**Work task**. From the entries below, write out exactly the lines between the line holding "Buy Vtg Crown" and the line holding "SOLID & STRIPED", inclusive, excluding any pictures.

──────── Material provided

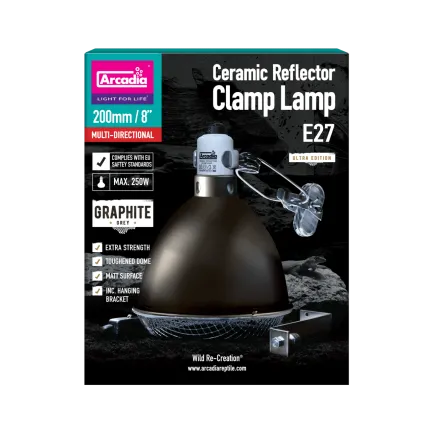 ARCADIA REFLECTOR CLAMP LAMP WITH CERAMIC HOLDER E27 20CM GRAPHITE (R2100075) світильник для тераріума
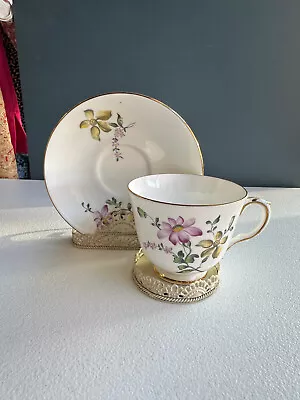 Buy Vtg Crown Staffordshire Bone China England Purple Floral Footed Tea Cup & Saucer • 17.36£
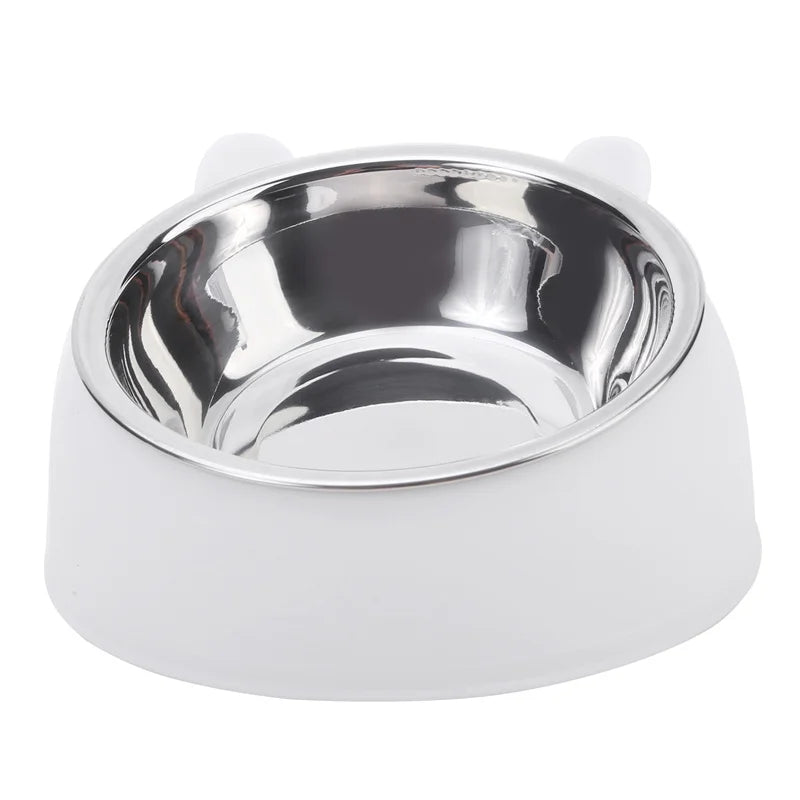 1pc Stainless Steel  Inclined Feeding Bowl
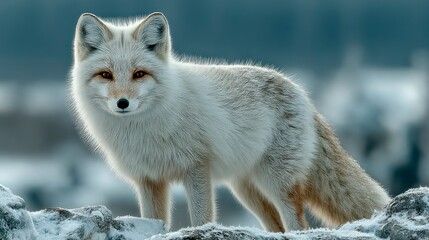 A pristine white fox standing on snowy rocks showcasing its natural beauty in a winter wonderl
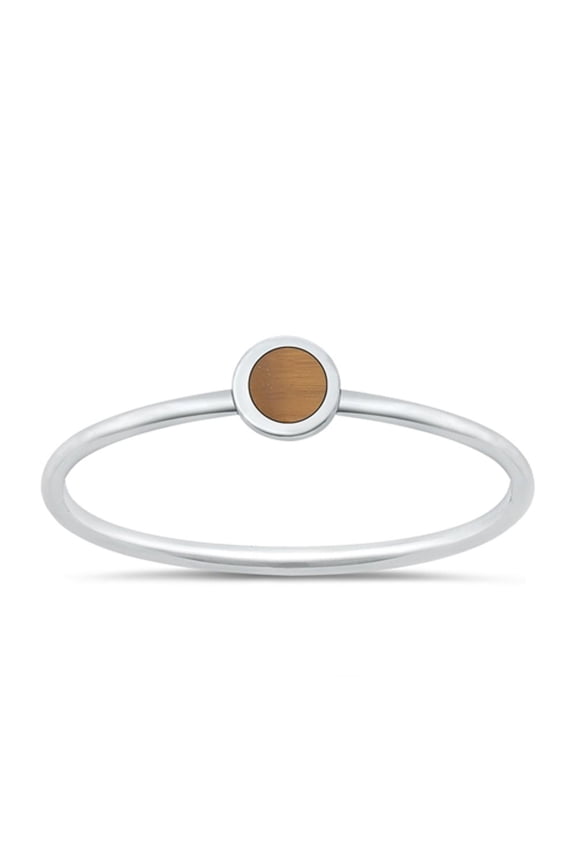 CHOOSE YOUR COLOR Tiger Eye Promise Ring .925 Sterling Silver Chic Minimalist Band Jewelry Female Size 6
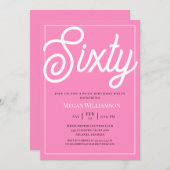 ピンクエレガントと白の台本60誕生日 招待状 (正面/裏面)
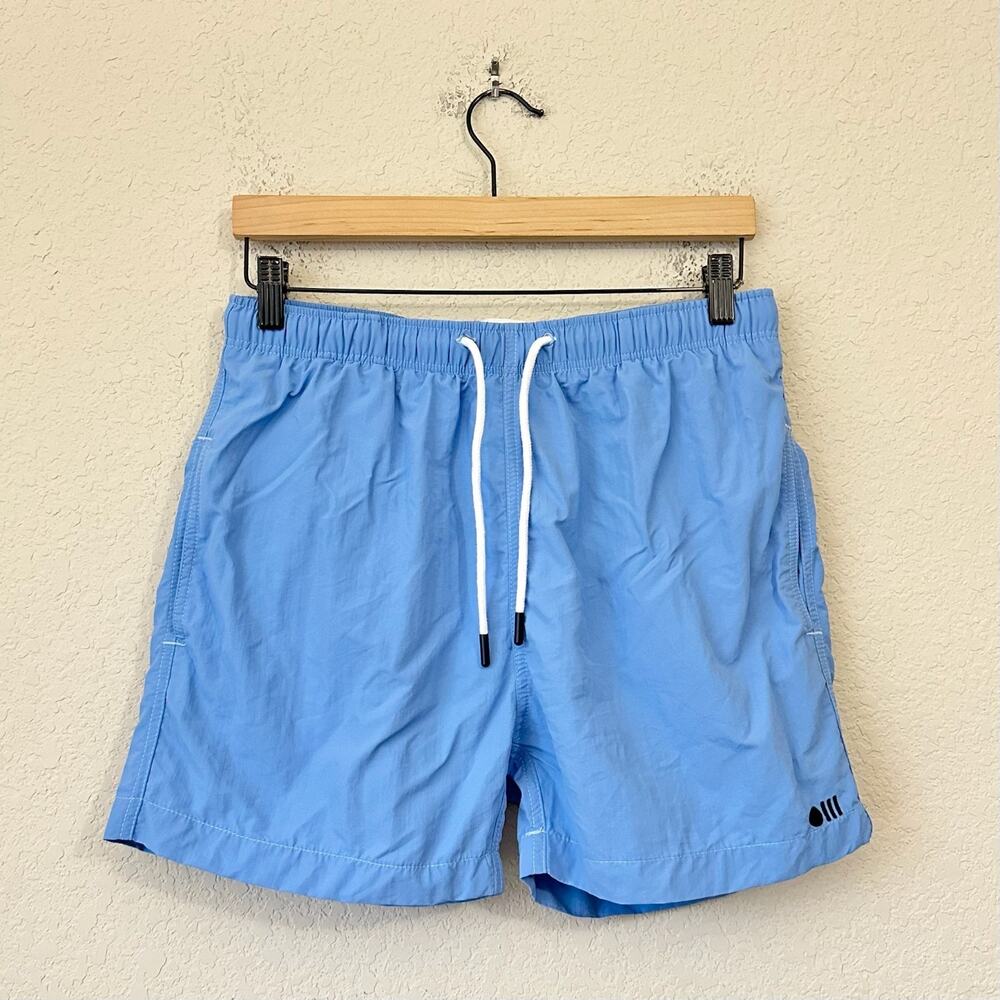 SOLID & STRIPED Swim Trunks Sky Blue Mesh Lined Drawstring Surf Beach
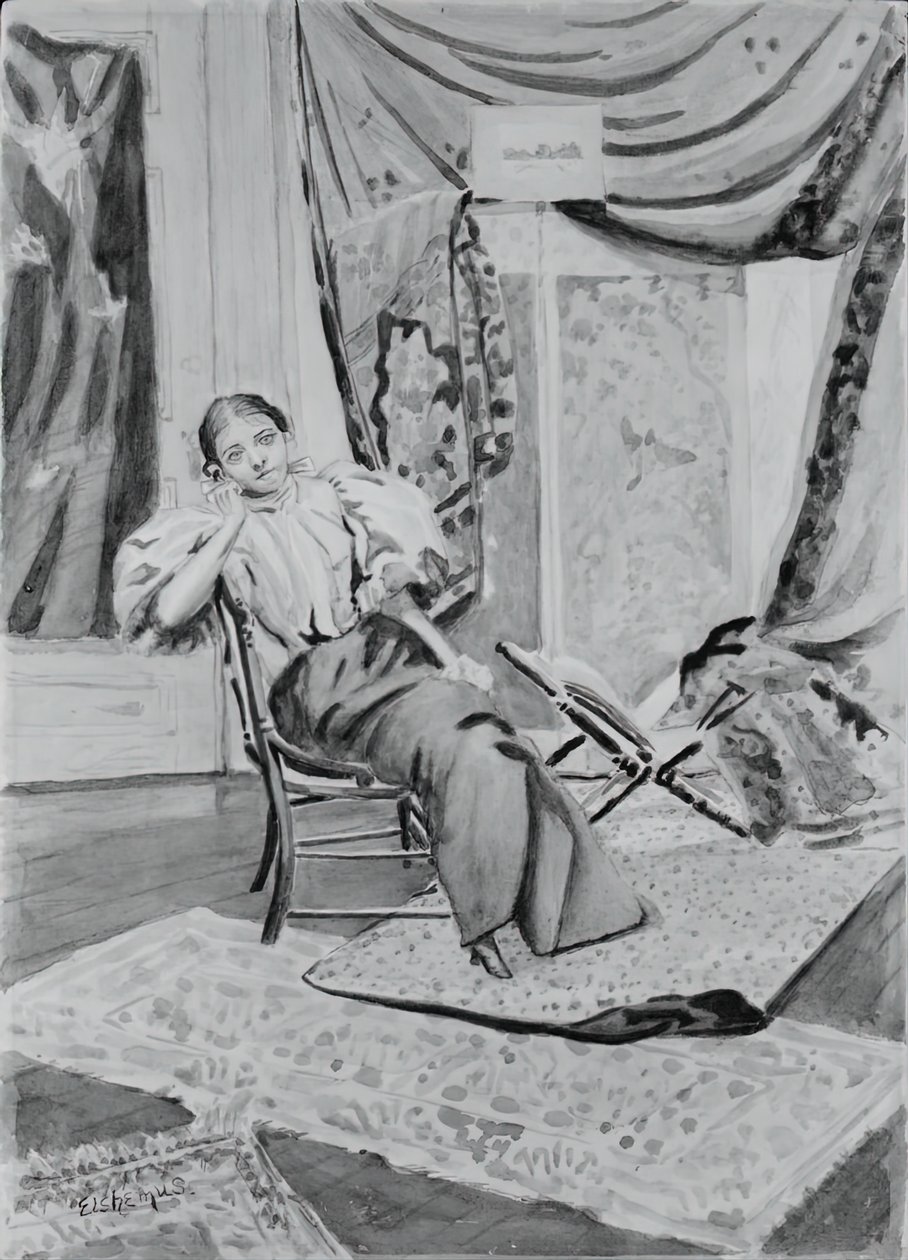 Flicka på stol, ca. 1891. av Louis Michel Eilshemius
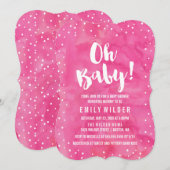 Oh Baby roze Waterverf Baby shower Kaart (Voorkant / Achterkant)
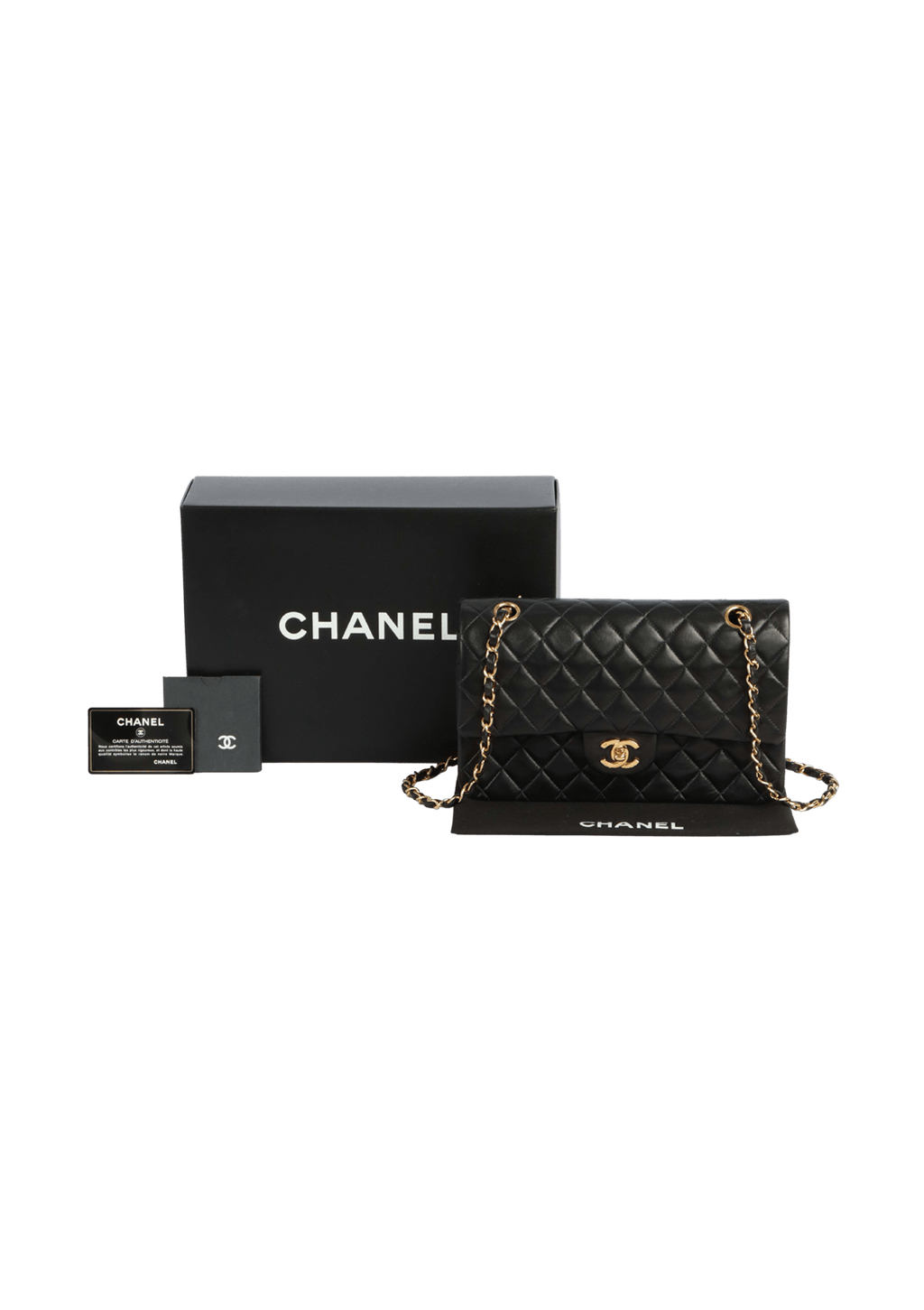 BOLSA CHANEL MEDIUM CLASSIC DOUBLE FLAP LAMBSKIN PRETO ORIGINAL Gringa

────────────────

**Task output**.
 Buy Vtg Crown Staffordshire Bone China England Purple Floral Footed Tea Cup & Saucer • 17.36£
 1pc Stainless Steel  Inclined Feeding Bowl
 A pristine white fox standing on snowy rocks showcasing its natural beauty in a winter wonderl
 CHOOSE YOUR COLOR Tiger Eye Promise Ring .925 Sterling Silver Chic Minimalist Band Jewelry Female Size 6
 ピンクエレガントと白の台本60誕生日 招待状 (正面/裏面)
 SOLID & STRIPED Swim Trunks Sky Blue Mesh Lined Drawstring Surf Beach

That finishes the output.